┌─ Dataset excerpt

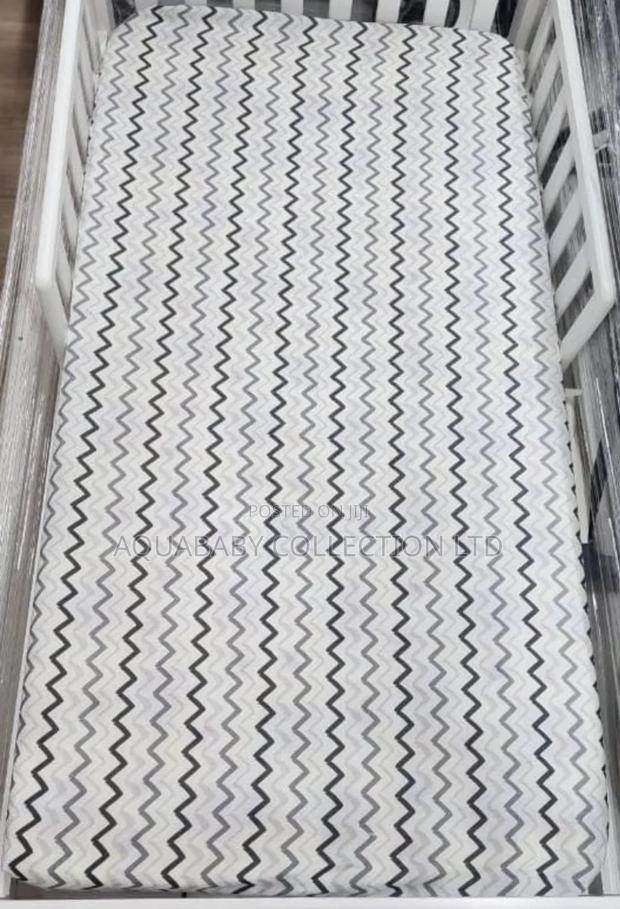 Fitted Sheet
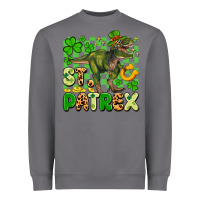 Storm st. patrex Heavyweight Sweatshirt - Artiststas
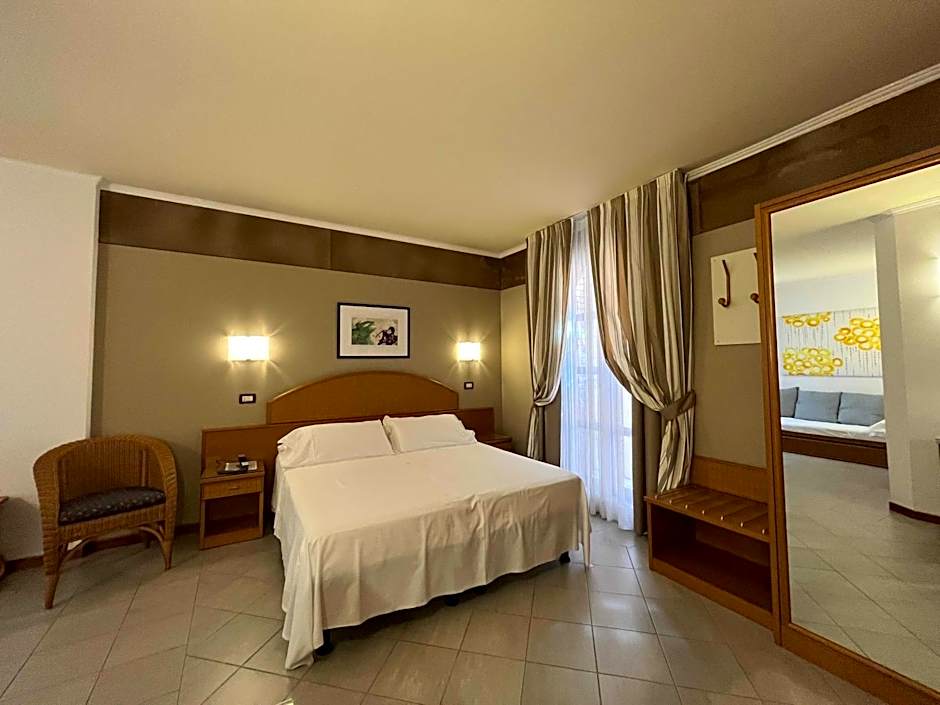 Hotel Regina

└─

### Exercise details
The full listing, transcribed exactly and without its pictures, is the expected result.

### Response
 Fitted Sheet
 Storm st. patrex Heavyweight Sweatshirt - Artiststas
 Hotel Regina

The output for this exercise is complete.